══ Input material ══

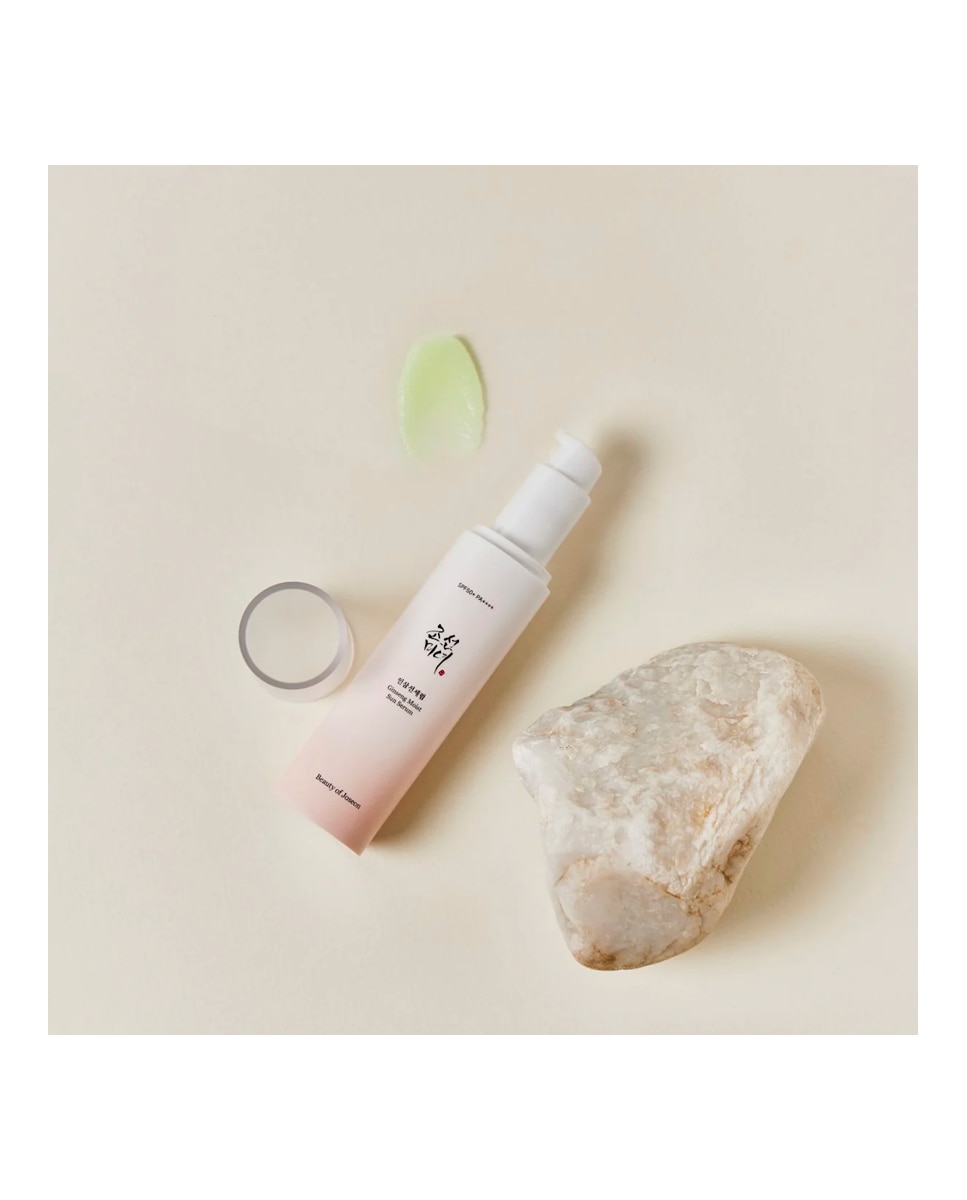 Protector Solar Ginseng Sun Sérum Beauty Of Joseon - 50 ml 3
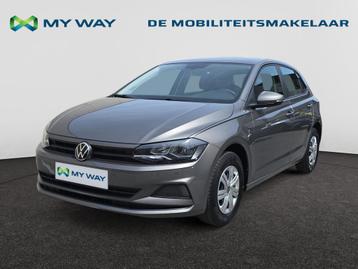 Volkswagen Polo Polo 1.0i Trendline (EU6AP) beschikbaar voor biedingen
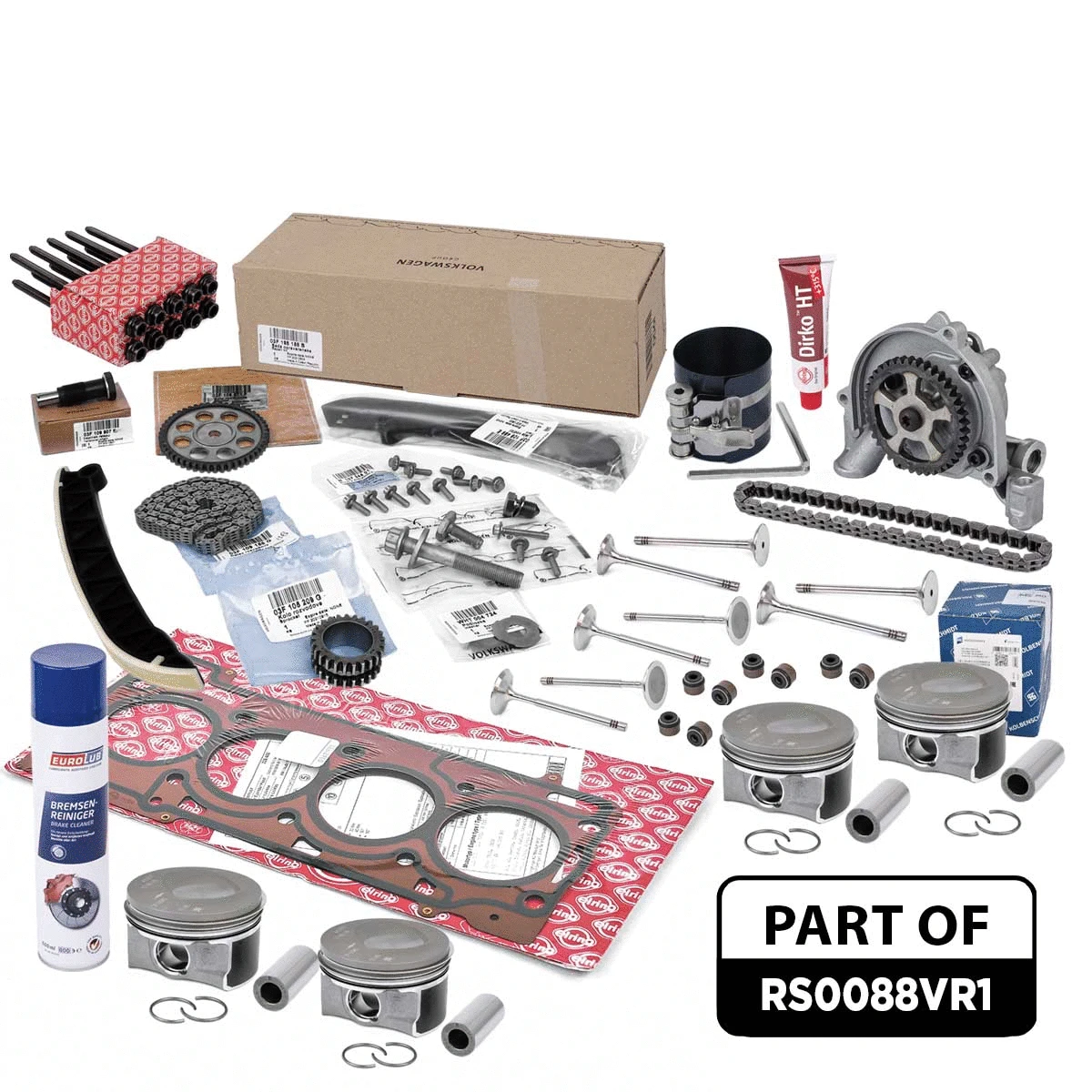 Timing Chain Kit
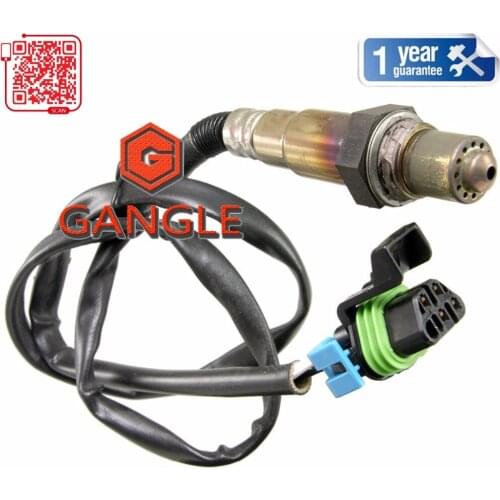 For 2005-2009 CADILLAC SRX 3.6L 4.6L Oxygen Sensor GL-24818 12590035 12597449 12616203 234-4818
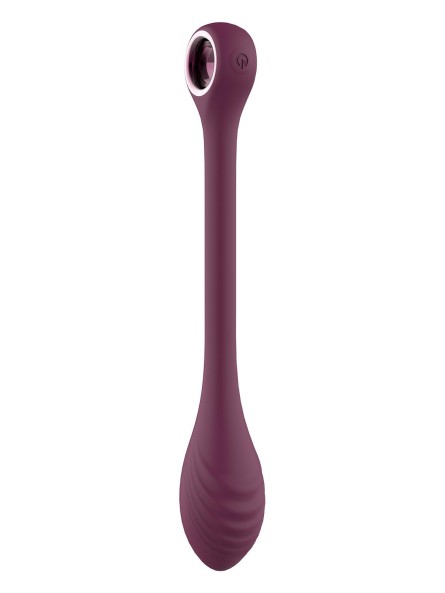 Wibrator Glam Bendable G-Spot Vibe Dreamtoys
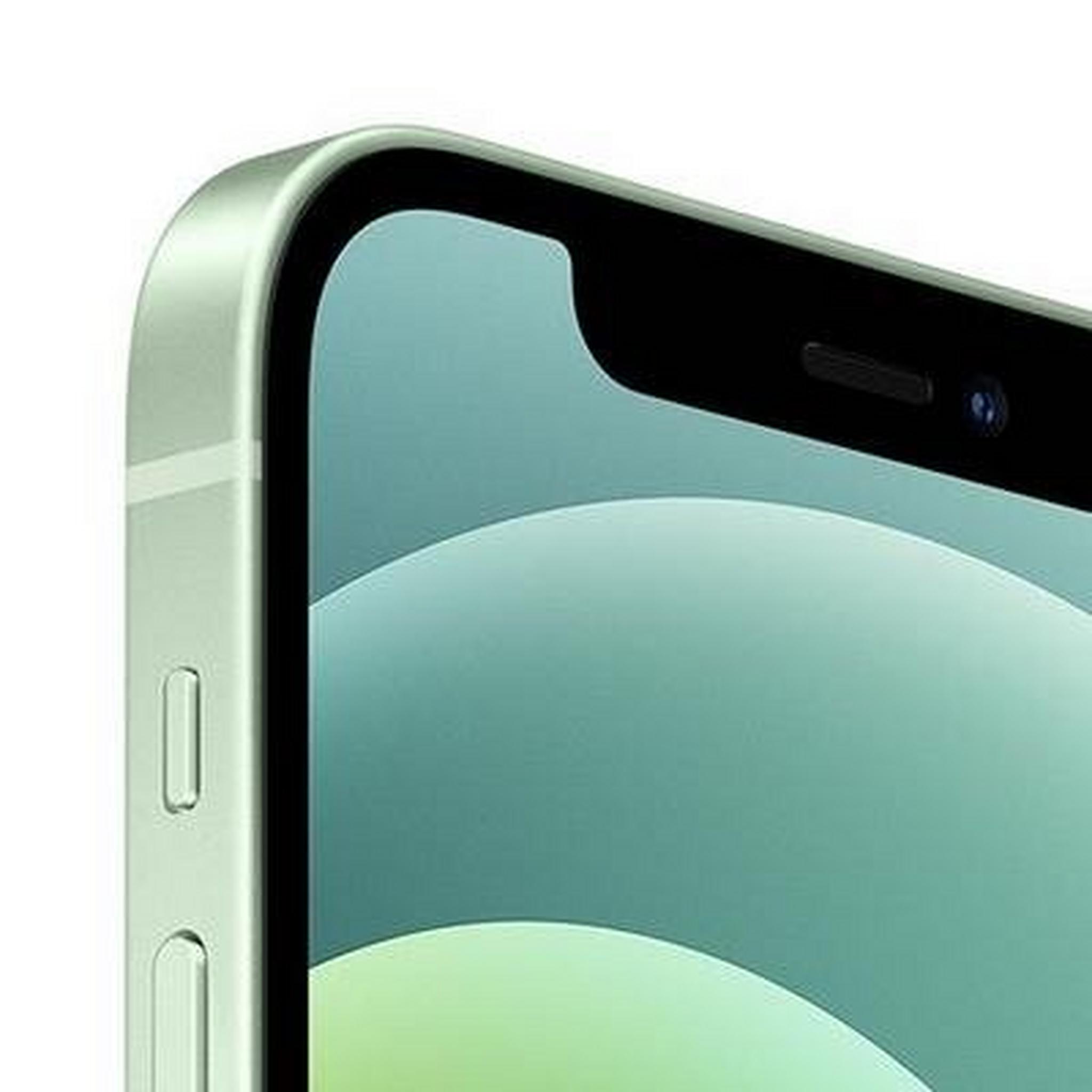 Apple iPhone 12 mini  256GB - Green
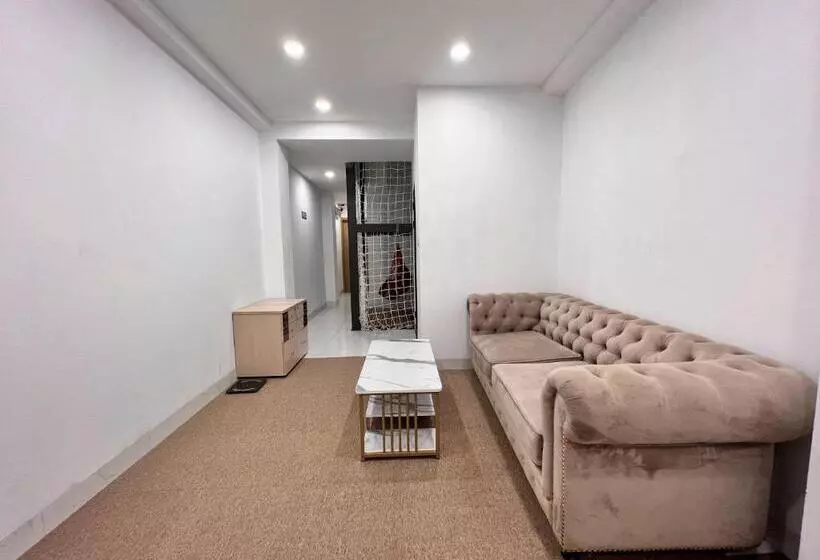 هتل An Nam Corner  Thanh Yen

═══

Your assignment: Print the data again word for word, pictures excluded.

Output of the exercise:
 Protector Solar Ginseng Sun Sérum Beauty Of Joseon - 50 ml 3
 Volkswagen Polo Polo 1.0i Trendline (EU6AP) beschikbaar voor biedingen
 Timing Chain Kit
 For 2005-2009 CADILLAC SRX 3.6L 4.6L Oxygen Sensor GL-24818 12590035 12597449 12616203 234-4818
 Wibrator Glam Bendable G-Spot Vibe Dreamtoys
 Apple iPhone 12 mini  256GB - Green
 هتل An Nam Corner  Thanh Yen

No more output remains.